La diabetes, además, no afecta a todas las personas de la misma manera, pues existen distintos tipos y cada paciente vive la enfermedad de forma diferente, por eso los especialistas insisten tanto en la importancia de informarse correctamente. Con el paso de los años, la ciencia y organizaciones médicas internacionales han ido aclarando muchas creencias falsas que todavía siguen presentes en conversaciones cotidianas y redes sociales.
1La diabetes no depende únicamente de la herencia
Uno de los mitos más repetidos sobre la diabetes es que solo pueden desarrollarla quienes tienen antecedentes familiares. Es cierto que la genética influye y puede aumentar el riesgo, especialmente en la diabetes tipo 1 y tipo 2, pero no es el único factor que entra en juego. De hecho, muchas personas diagnosticadas nunca tuvieron familiares cercanos con la enfermedad.

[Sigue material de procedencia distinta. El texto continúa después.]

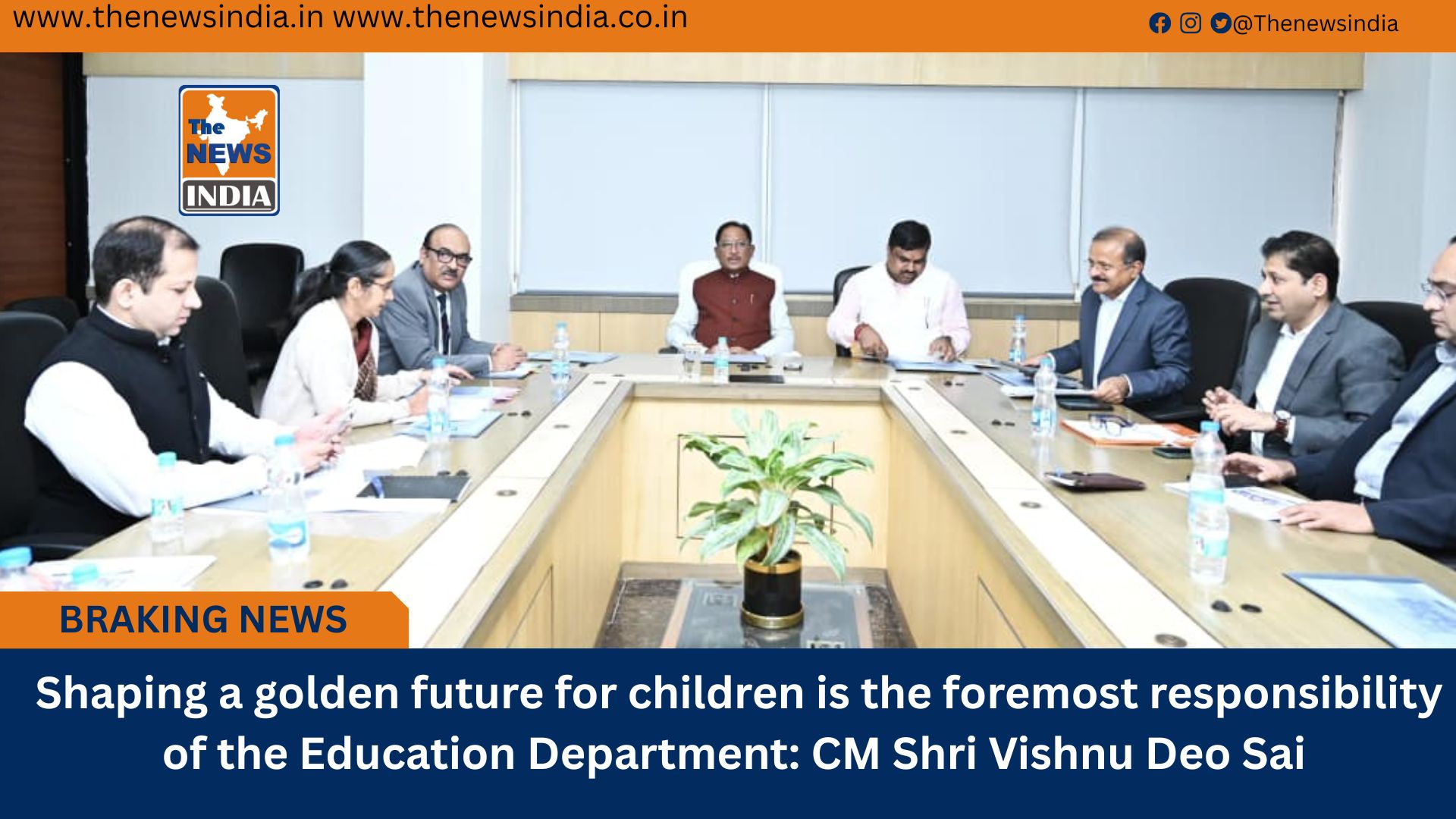  Shaping a golden future for children is the foremost responsibility of the Education Department: CM Shri Vishnu Deo Sai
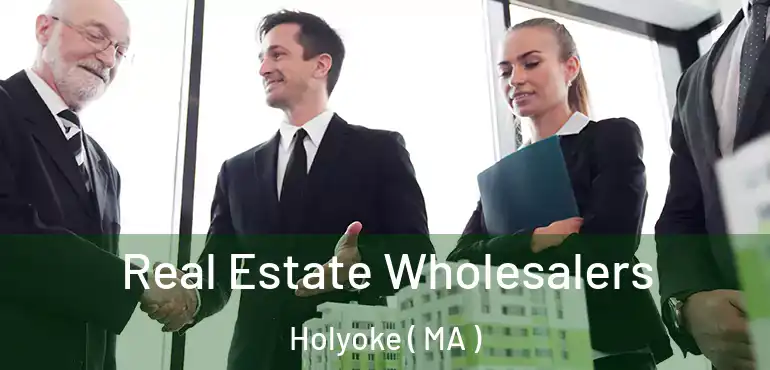  Real Estate Wholesalers Holyoke ( MA )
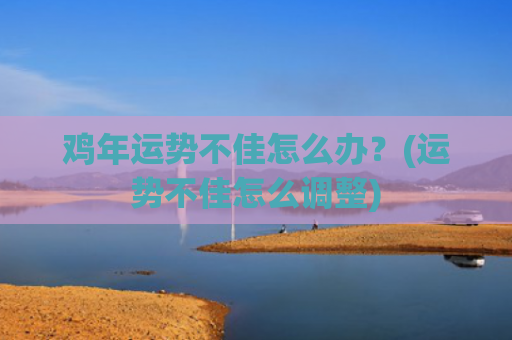 鸡年运势不佳怎么办？(运势不佳怎么调整)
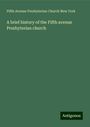 Fifth Avenue Presbyterian Church New York: A brief history of the Fifth avenue Presbyterian church, Buch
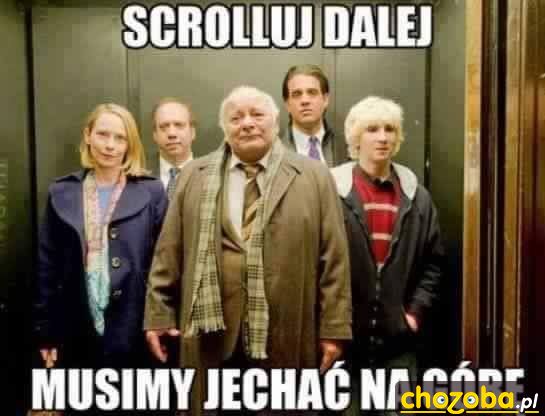 Jedziemy na górę - przewijaj 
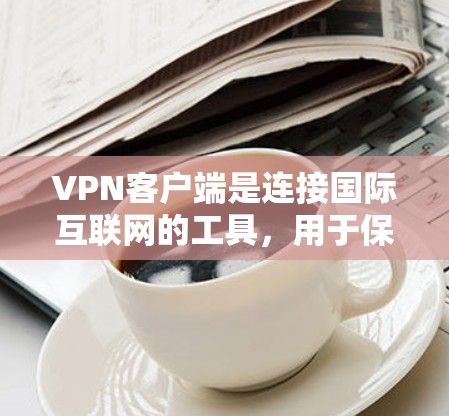 VPN客户端是连接国际互联网的工具,用于保护个人数据的安全。以下是一些常见的VPN客户端及其特点 VPN客户端是连接国际互联网的工具,用于保护个人数据的安全。以下是一些常见的VPN客户端及其特点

Los expertos explican que también intervienen aspectos relacionados con el estilo de vida, el sedentarismo, la alimentación y otros factores metabólicos. Por eso, reducir la diabetes únicamente a la herencia puede generar una falsa sensación de tranquilidad en algunas personas que creen estar “libres” del riesgo cuando no necesariamente es así.